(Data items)
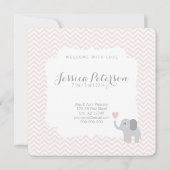 Birth Announcement Girl Elephant Chevron Cute Aankondiging (Achterkant)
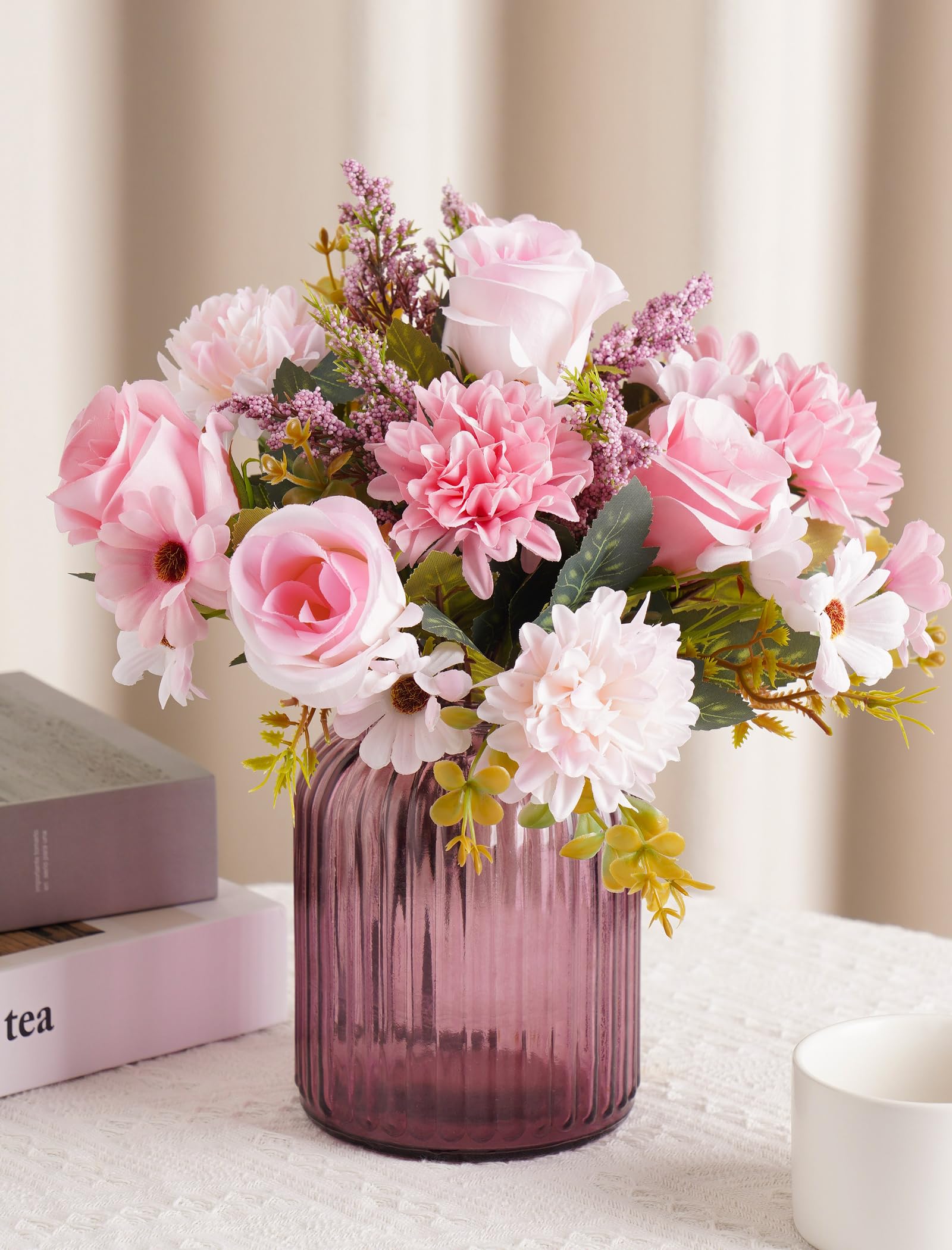 NiHome 2 Bunches Pink Silk Artificial Flowers Bouquet for Home DΓ©cor, Roses, Chrysanthemums & Sunflowers Arrangement with Flexible Stems, Wedding Table Centerpieces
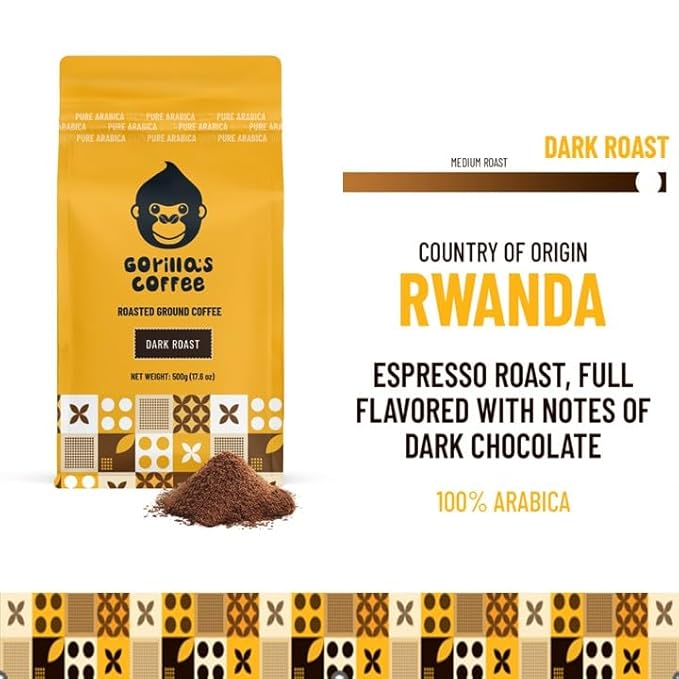 Gorilla's Coffee 100% Arabica - Dark Roast Ground Coffee, Fair Trade, Full Bodied, with Bold with a Touch of Smokiness | Premium Rwandan Coffee | Rich, Flavorful, and Aromatic (500g/17.6 oz)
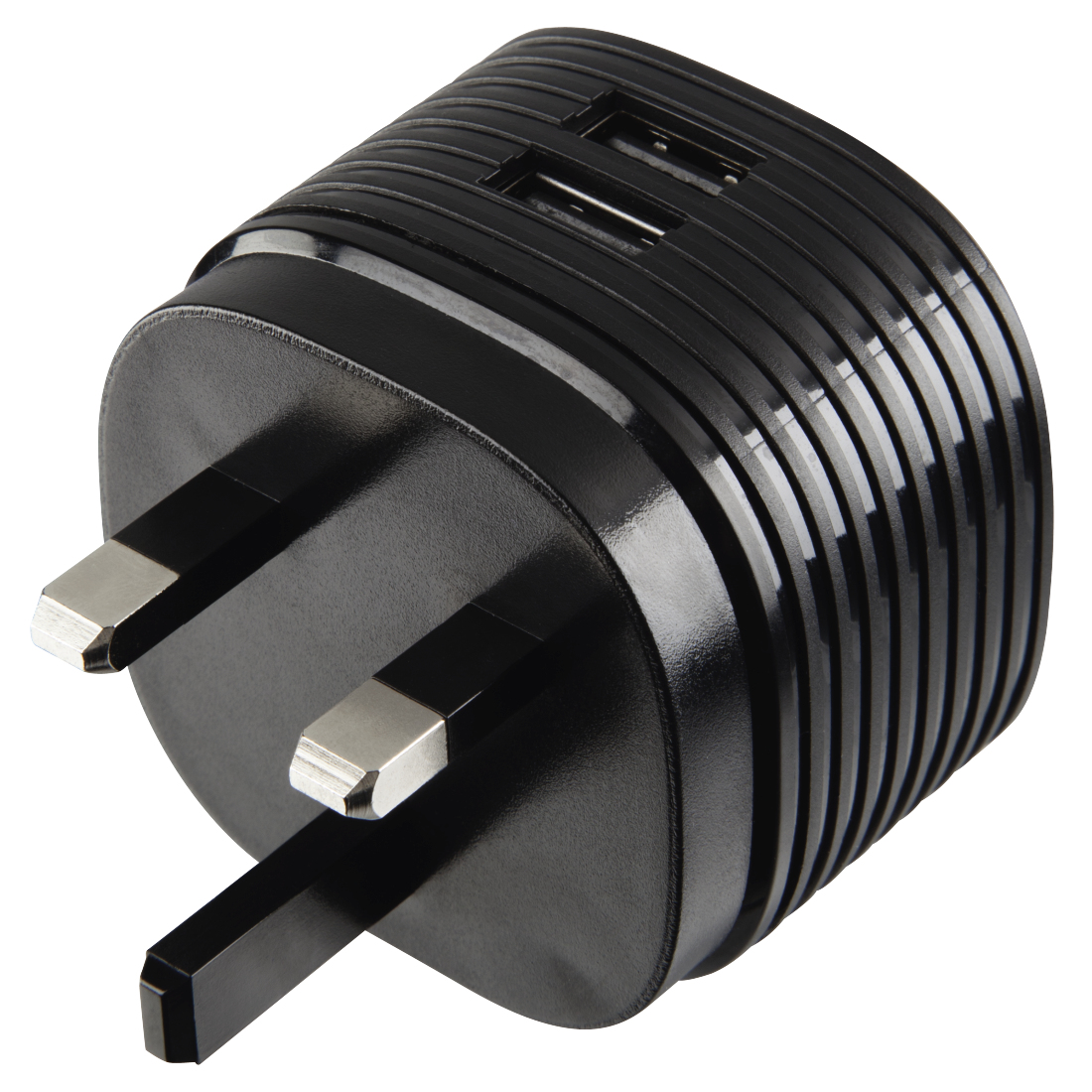 Hama Dual Charger, 2x USB, 2.4A with UK plug, black
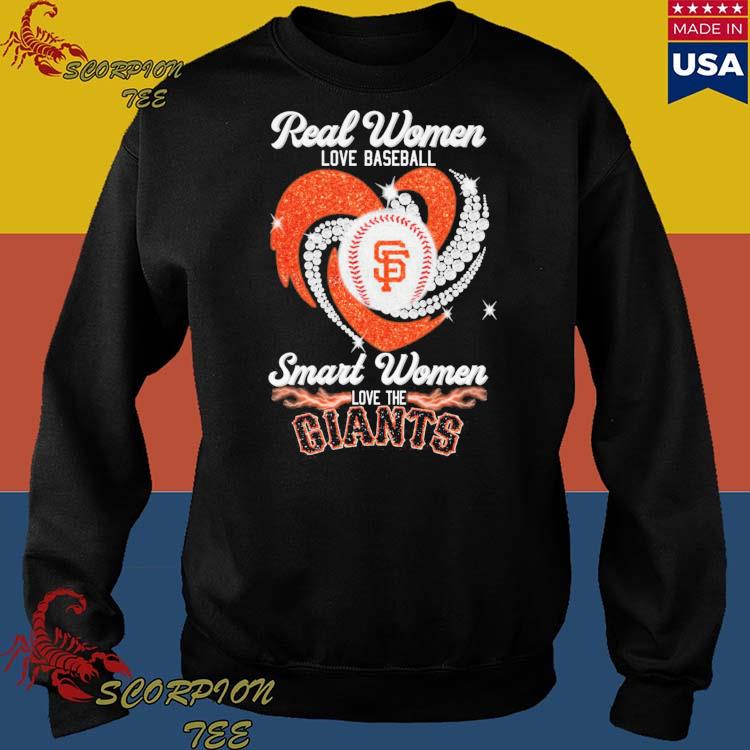 Real Women Love Baseball Smart Women Love The San Francisco Giants Diamond  Heart T-Shirts, hoodie, sweater, long sleeve and tank top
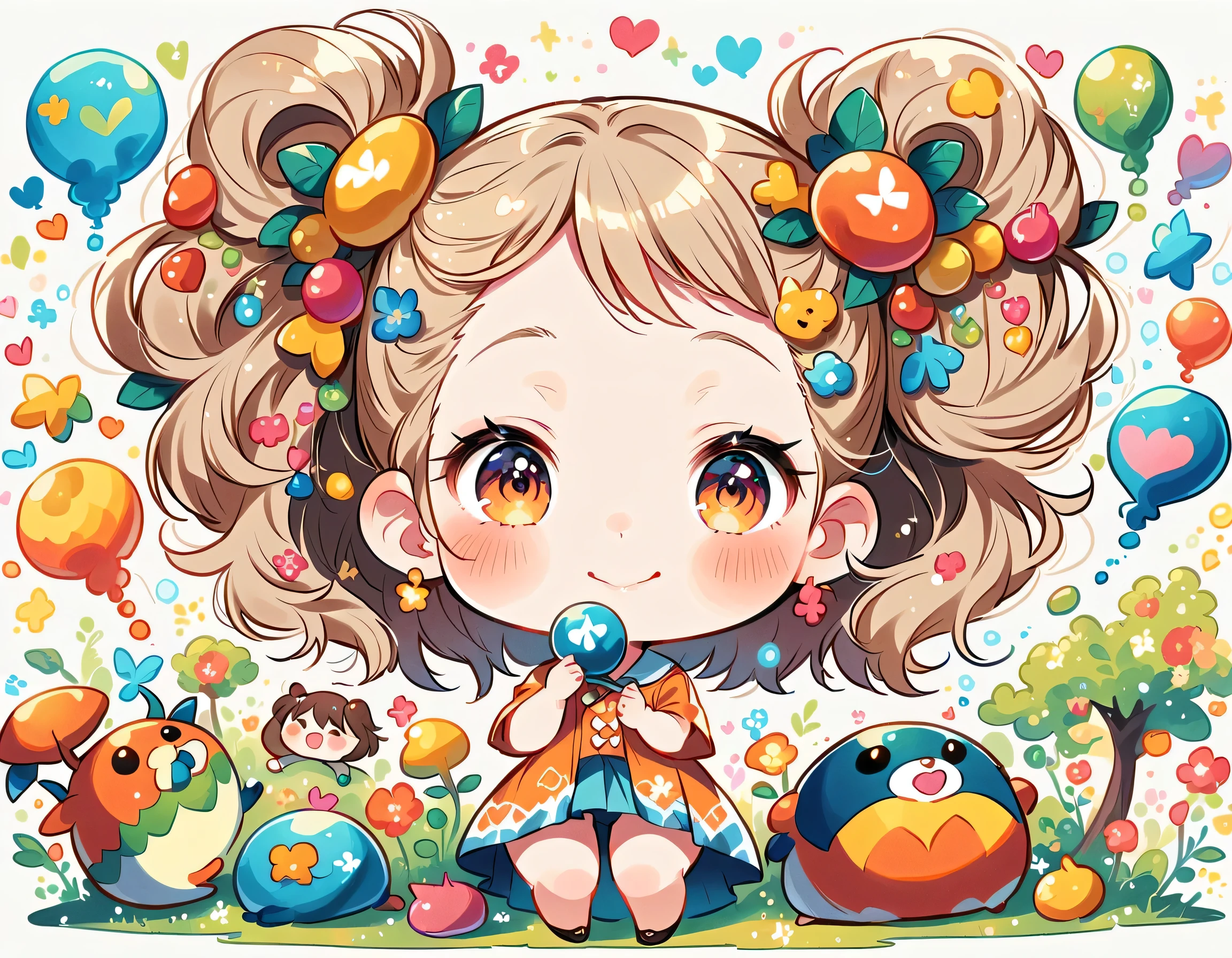 Mika Pikazo style、Kawaii Design, most beautiful girl ever、chibi, (((Playing with アメーバ)))、アメーバ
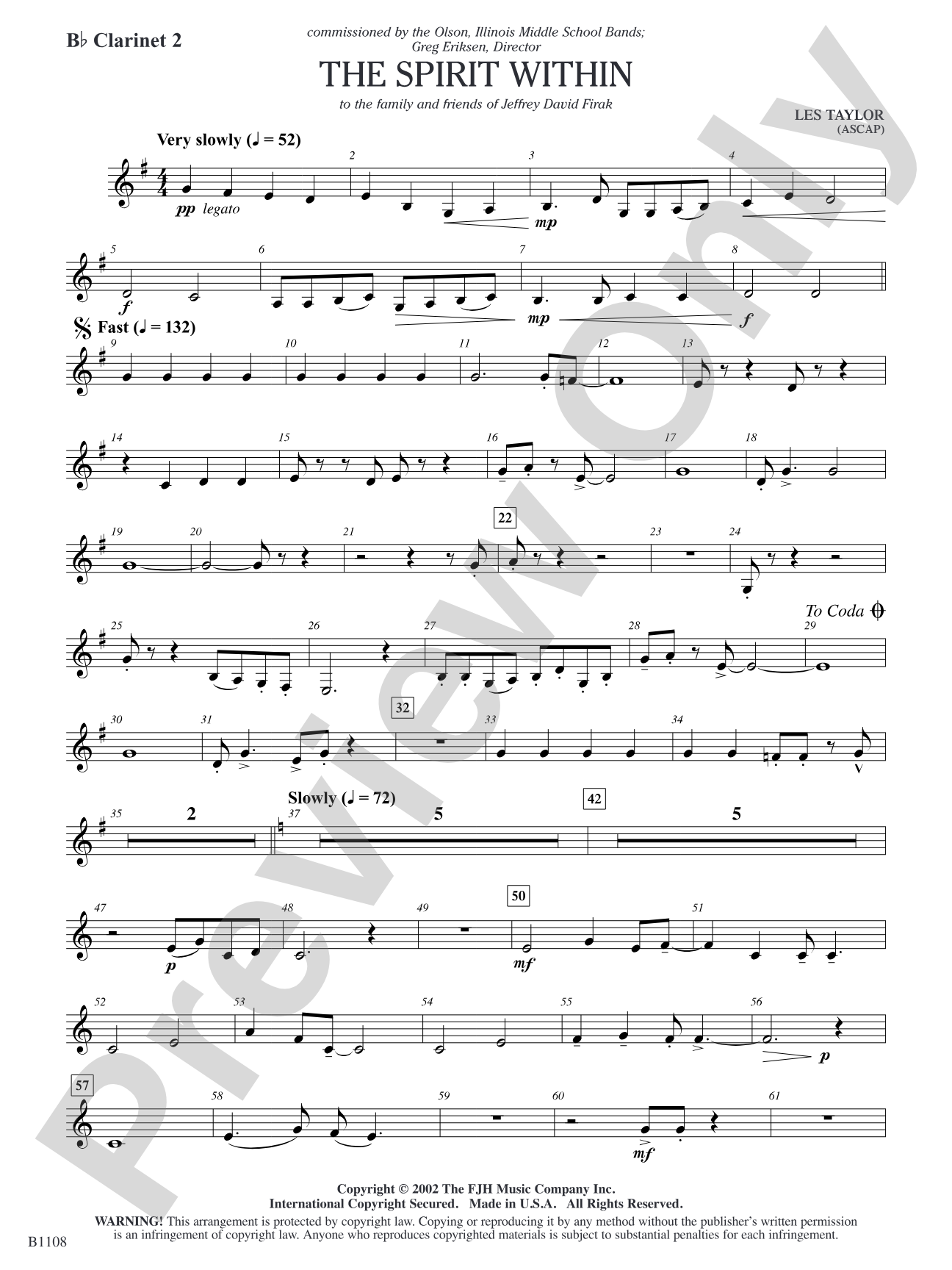 The Spirit Within: B-flat Clarinet 2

## Task description
Copy out the data verbatim, excluding the pictures.

## Response
 Birth Announcement Girl Elephant Chevron Cute Aankondiging (Achterkant)
 NiHome 2 Bunches Pink Silk Artificial Flowers Bouquet for Home DΓ©cor, Roses, Chrysanthemums & Sunflowers Arrangement with Flexible Stems, Wedding Table Centerpieces
 Gorilla's Coffee 100% Arabica - Dark Roast Ground Coffee, Fair Trade, Full Bodied, with Bold with a Touch of Smokiness | Premium Rwandan Coffee | Rich, Flavorful, and Aromatic (500g/17.6 oz)
 Hama Dual Charger, 2x USB, 2.4A with UK plug, black
 Real Women Love Baseball Smart Women Love The San Francisco Giants Diamond  Heart T-Shirts, hoodie, sweater, long sleeve and tank top
 Mika Pikazo style、Kawaii Design, most beautiful girl ever、chibi, (((Playing with アメーバ)))、アメーバ
 The Spirit Within: B-flat Clarinet 2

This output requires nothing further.